Dive Brief:
- Denver-based SunShare, a developer of community solar gardens, has filed a formal protest challenging a June settlement between Xcel Energy and a wide range of parties that limited new solar fees and pushed for the development of more shared resources, the Denver Post reports.
- While the settlement allowed private developers to construct solar gardens up to 2 MW in capacity, SunShare says the Colorado Public Utilities Commission should raise that to 50 MW—the size Xcel Energy is allowed to own.
- More than two dozen parties have signed onto the settlement, including major Colorado solar interests, but support is not unanimous. Only eight of the parties fully backed the settlement, which must now be reviewed by the PUC.
Dive Insight:
A solar settlement in Colorado has been hailed as a "monumental achievement" by some advocates, but not everyone agrees. The Denver Post reports SunShare has filed a formal challenge to the settlement, arguing it gives Xcel Energy inherent advantages of scale in the development of community renewables.
Specific to SunShare's complaint, the settlement modifies Xcel's 2017 Renewable Energy Plan to add 225 MW of solar to the utility's Solar*Connect program, which will be renamed Renewable*Connect, as well as development of 105 MW of community solar gardens. Under Colorado rules, existing shared solar programs can be no larger than 2 MW and can only be marketed locally. The R*C 50 MW project would be marketed statewide.

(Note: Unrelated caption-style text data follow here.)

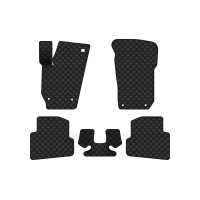 Коврики с экокожи в салон Fabia (5J) Skoda 2007-2014 2 поколение Combi EU EVAtech  ECO Экокожа черная c черной ниткой черный кант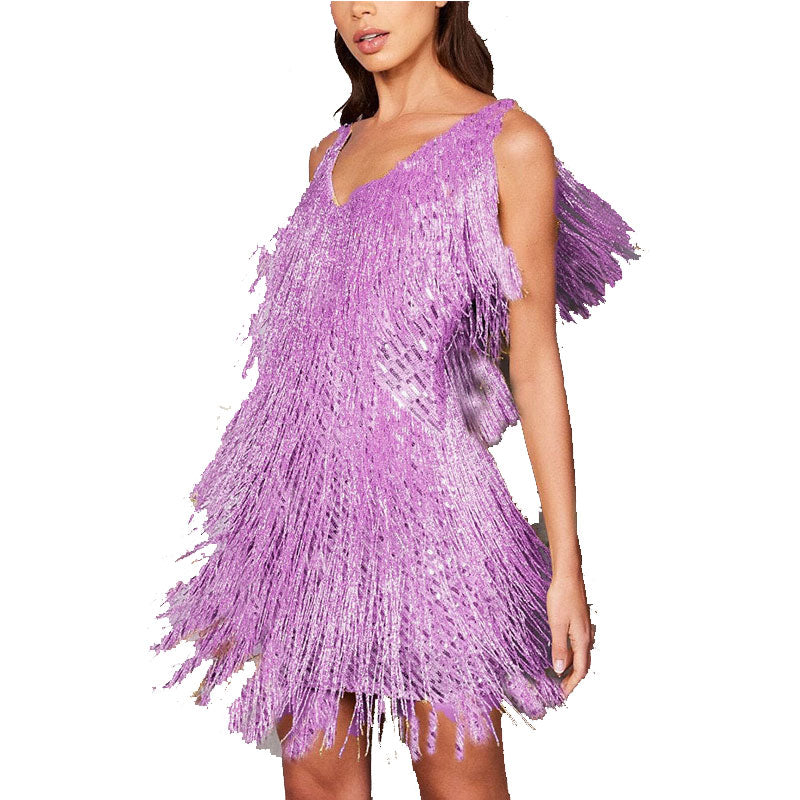 Harlem Nights Outfits Tassel Sequins V-neck Vest Gown Dress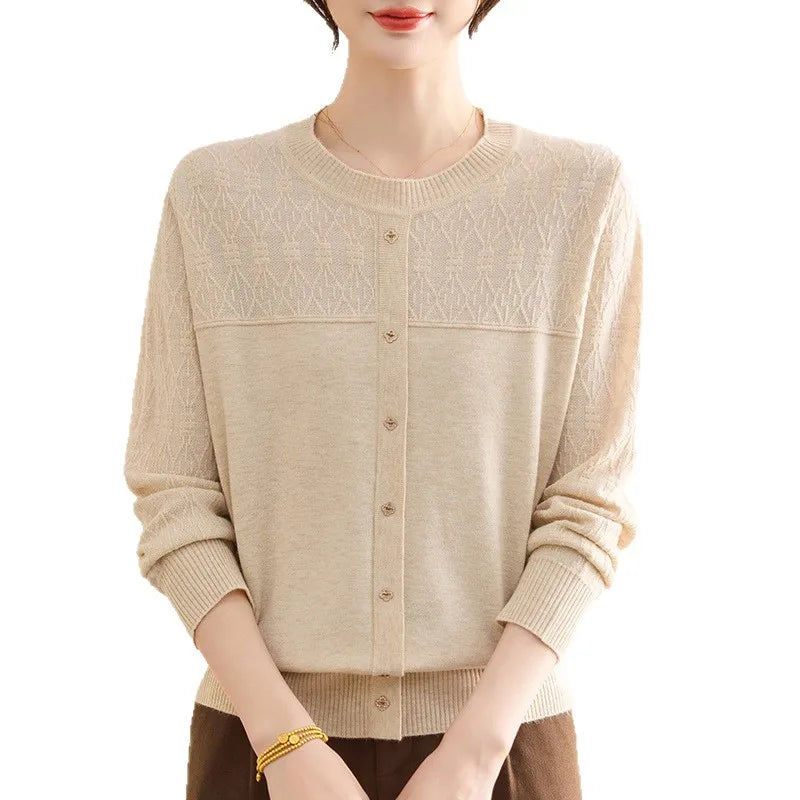 Gilet tricoté décontracté à manches longues pour femmes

By allowing Xcel to develop a community solar facilities 50 MW in size, SunShare argues that Xcel can generate renewable power 40% cheaper while also being able to access the grid at lower cost. The company wants regulators to allow privately-developed community solar garden at the same size as the utility.
The compromise would also avoid new grid fees, prevent cuts in payments to solar owners, and institute time-of-use rates.